* _SOURCE MATERIAL_
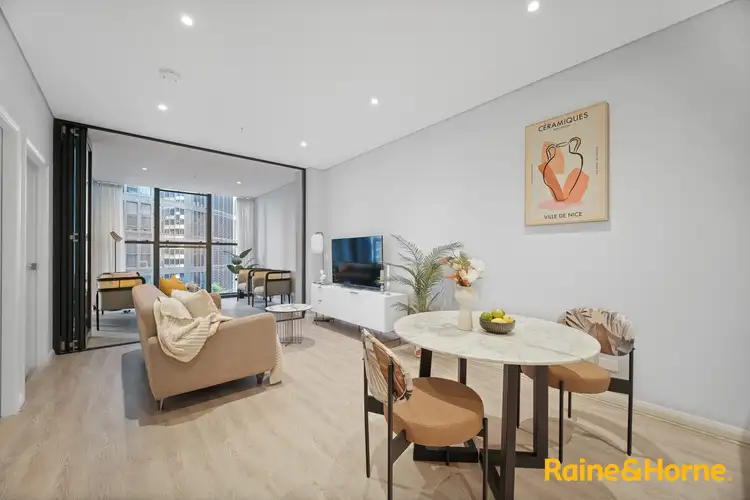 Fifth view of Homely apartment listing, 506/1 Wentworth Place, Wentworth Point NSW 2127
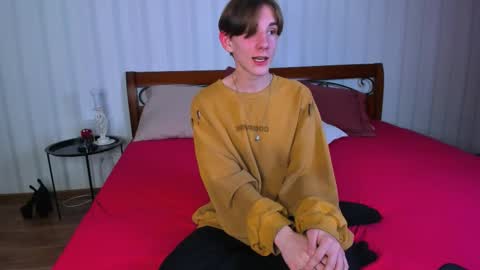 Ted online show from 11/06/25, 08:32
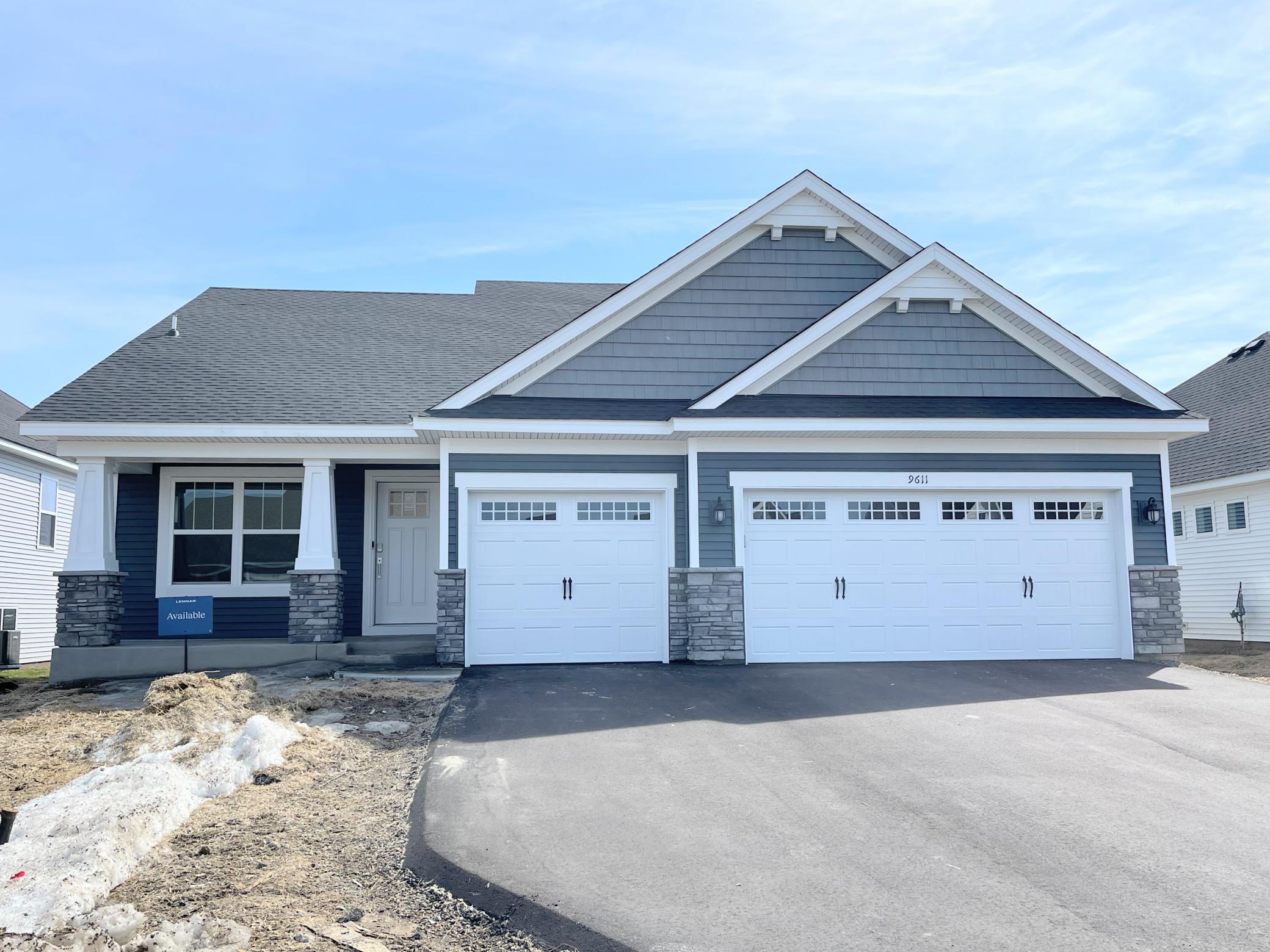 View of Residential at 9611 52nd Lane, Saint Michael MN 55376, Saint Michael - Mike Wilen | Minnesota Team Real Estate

* _THE PROBLEM_
Every line of the listing is to be retyped exactly; pictures stay out.

* _RESPONSE TO THE EXERCISE_
 Fifth view of Homely apartment listing, 506/1 Wentworth Place, Wentworth Point NSW 2127
 Ted online show from 11/06/25, 08:32
 View of Residential at 9611 52nd Lane, Saint Michael MN 55376, Saint Michael - Mike Wilen | Minnesota Team Real Estate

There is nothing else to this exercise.